On Thu, 2013-10-10 at 11:11 -0700, Quim Gil wrote:
> I'm pretty sure that there is a task that most of us could mentor. It 
> doesn't need to be related with the MediaWiki codebase. Come on, think 
> harder!  ;)

I organized GNOME's participation in Google Code-In (and its predecessor
GHOP) three times in the past.

== Stuff that takes time when preparing / taking part ==

What takes most of the time for admins is
1) before contest starts, nag developers and community members to become
mentors and to provide a large number of really well-defined and
well-documented tasks which are not too small and not too big, and
2) when the contest is running, make sure mentors respond quickly.
Students could come across as impatient due to Code-In's competition
system (students get points for tasks, you cannot claim a new task until
the old one has been reviewed and finished, and students with most
points get a trip to Google HQ. Last time organizations had to agree
that reviews must happen within 36 hours, also on weekends/holidays).
This nagging often took me about an hour per day, every day.

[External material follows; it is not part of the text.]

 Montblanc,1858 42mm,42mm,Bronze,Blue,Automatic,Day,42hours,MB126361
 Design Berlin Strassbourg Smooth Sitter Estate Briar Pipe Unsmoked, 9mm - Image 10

But maybe rules / ToS have changed again this year, don't know.

== Aspects to consider whether to try or not ==

In 2012, GNOME did not apply for taking part.
The reasons that I see are:
1) translation tasks were not allowed anymore, 
2) Google reduced the number of orgs to 10 so preparation work might
have not paid off in the end, 
3) time spent mentoring students took often longer than if mentors did
the task themselves, 
4) tasks only take a few days (no creation of strong binding to
mentor/org), 
5) students often didn't stick with the org afterwards but maybe were
more after t-shirt/money/Google invitation.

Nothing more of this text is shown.